Handwritten Equations solver :

    Data Preprocessing - CROHME dataset 
                        [ includes images of numbers (0-9) like MNIST dataset ]
                        [ has additional data of mathematical operator and greek symbols (alpha/beta/gamma/sigma) ]

In [1]:
# installing all required package
!pip install pandas numpy pickle-mixin keras tensorflow matplotlib opencv-python pillow ipython




[notice] A new release of pip is available: 24.0 -> 24.3.1
[notice] To update, run: python.exe -m pip install --upgrade pip


In [18]:
import numpy as np
import pandas as pd
import cv2
from matplotlib import pyplot as plt

import os
from PIL import Image
from os import listdir
from os.path import isfile, join


Dataset link : https://www.kaggle.com/datasets/xainano/handwrittenmathsymbols?resource=download

Converting images to grayscale is common in image processing :
    
    1. RGB images have higher computational complexity compared to grayscale images            [ b/w >>> rgb ]
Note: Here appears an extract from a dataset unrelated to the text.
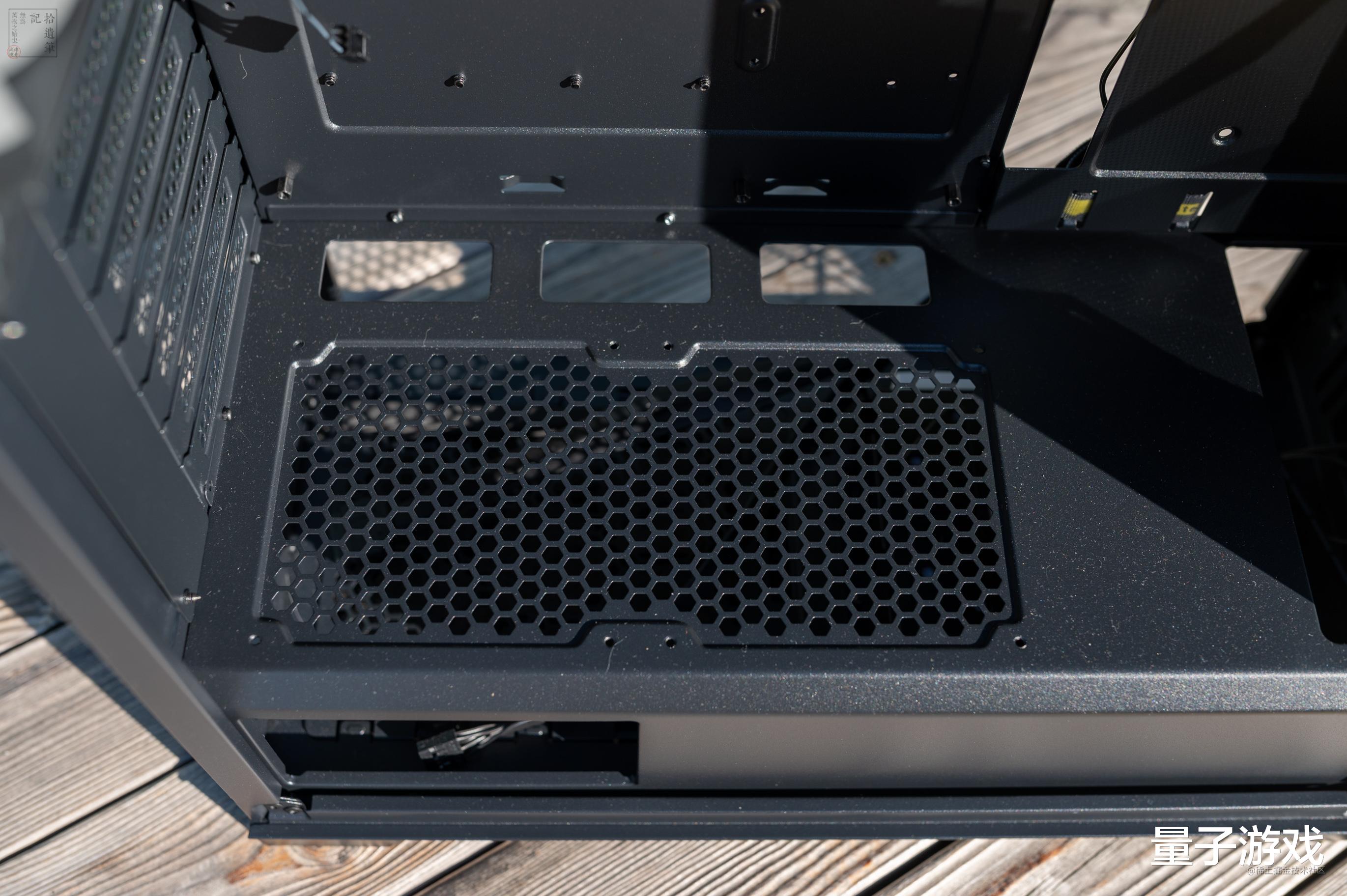 机箱|扩展充裕散热稳定的机箱，更能充分发挥主机性能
    2. Grayscale retains luminance information, sufficient for identifying shapes and textures.
       Most image analysis tasks, like (edge detection / contour finding / object recognition) 
       rely on structural patterns rather than color.

    3. As fewer data points per pixel is processed and unnecessary color info is removed Algos perform better with lesser noise.

    4. Almost 3x memory is saved compared to rgb         [what other reason do u neeed, lol]

![image.png](attachment:image.png)


Grayscale img [ pixels are set to 255 (white) or 0 (black) ]

In [2]:
def load_images_from_folder(folder):
    train_data = []
    if not os.path.exists(folder):
        raise FileNotFoundError(f"Folder not found: {folder}")
    

    # iterate over folder to read all images and store them in a lisst to process
    for filename in os.listdir(folder):
        filepath = os.path.join(folder, filename)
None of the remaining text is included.